[[ Input for this task open ]]

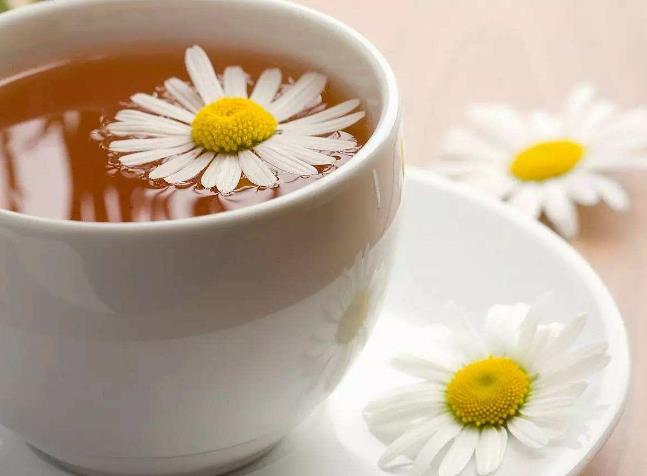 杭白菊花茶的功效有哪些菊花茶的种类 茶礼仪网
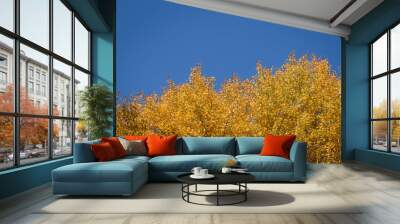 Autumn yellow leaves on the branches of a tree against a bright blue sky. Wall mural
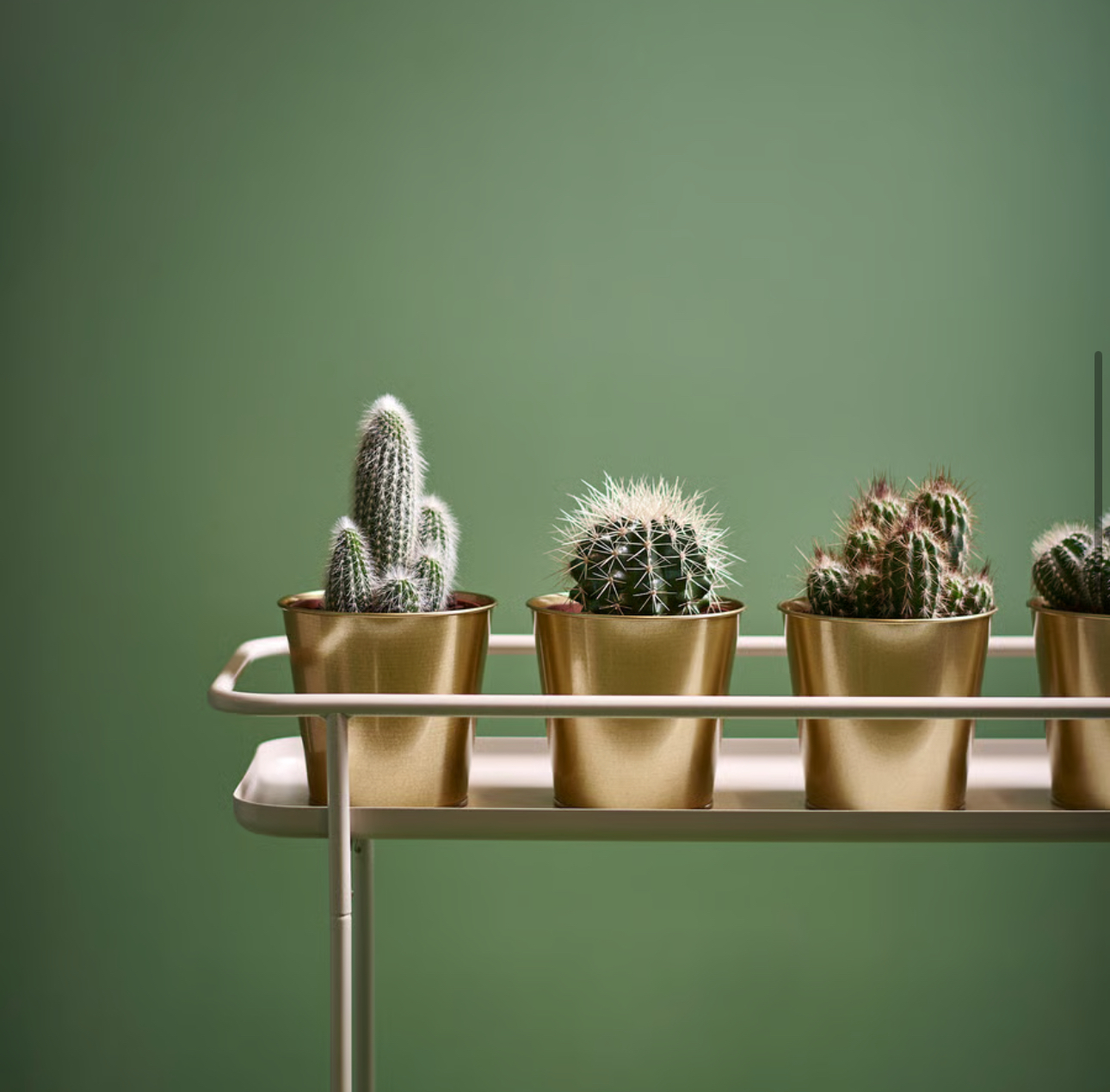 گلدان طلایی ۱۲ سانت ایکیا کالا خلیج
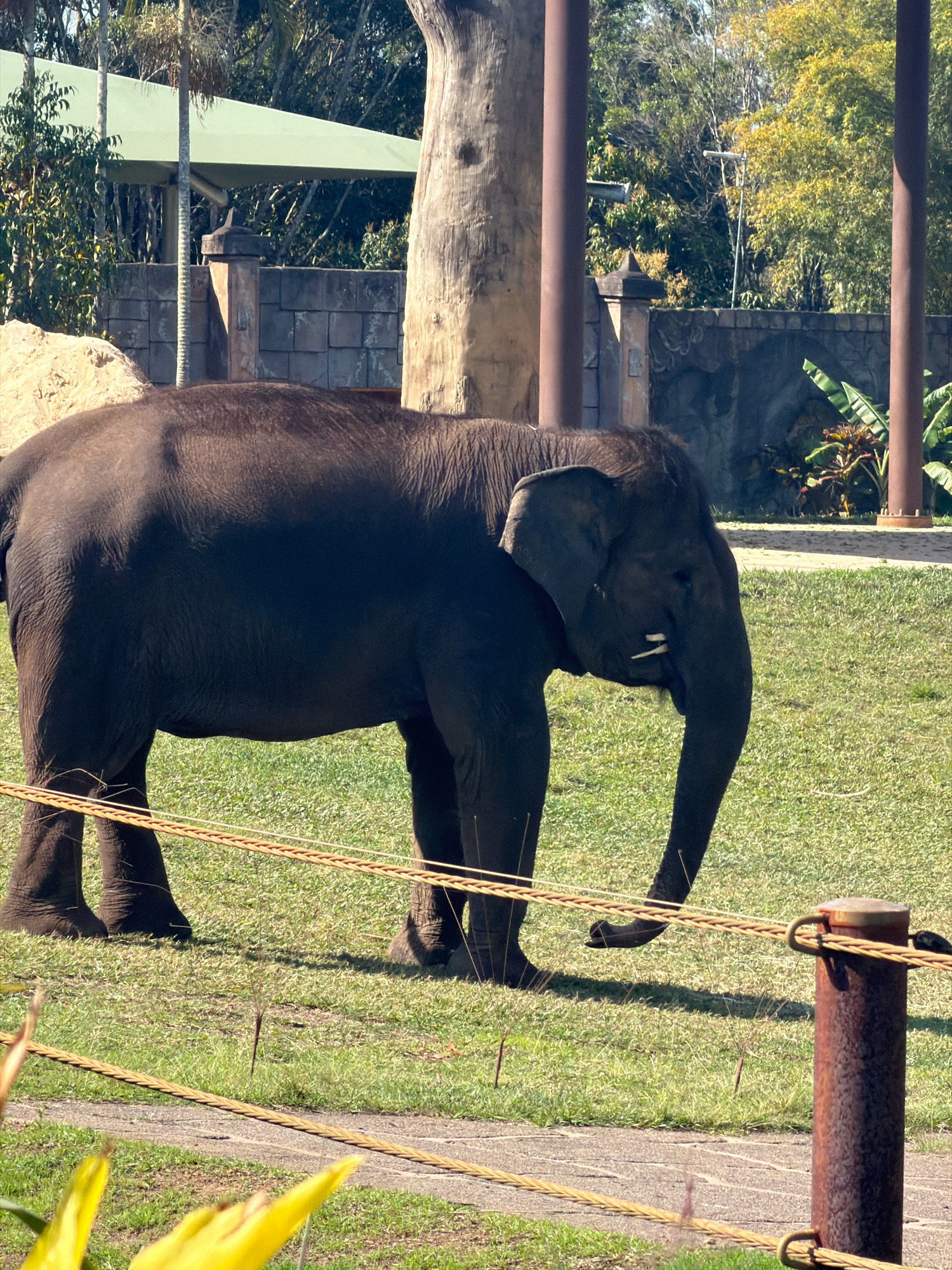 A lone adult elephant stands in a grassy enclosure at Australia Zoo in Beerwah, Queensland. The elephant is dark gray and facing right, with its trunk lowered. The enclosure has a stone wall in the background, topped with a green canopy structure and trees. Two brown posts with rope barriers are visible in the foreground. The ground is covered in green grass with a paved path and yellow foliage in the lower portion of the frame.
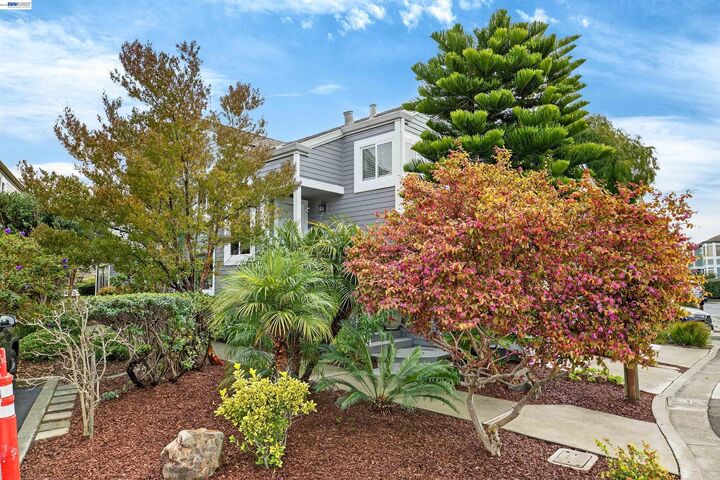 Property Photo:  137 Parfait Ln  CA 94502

[[ Input for this task closed ]]

Task item:
Repeat each entry above exactly. Omit the pictures.

Answer box:
 杭白菊花茶的功效有哪些菊花茶的种类 茶礼仪网
 Autumn yellow leaves on the branches of a tree against a bright blue sky. Wall mural
 گلدان طلایی ۱۲ سانت ایکیا کالا خلیج
 A lone adult elephant stands in a grassy enclosure at Australia Zoo in Beerwah, Queensland. The elephant is dark gray and facing right, with its trunk lowered. The enclosure has a stone wall in the background, topped with a green canopy structure and trees. Two brown posts with rope barriers are visible in the foreground. The ground is covered in green grass with a paved path and yellow foliage in the lower portion of the frame.
 Property Photo:  137 Parfait Ln  CA 94502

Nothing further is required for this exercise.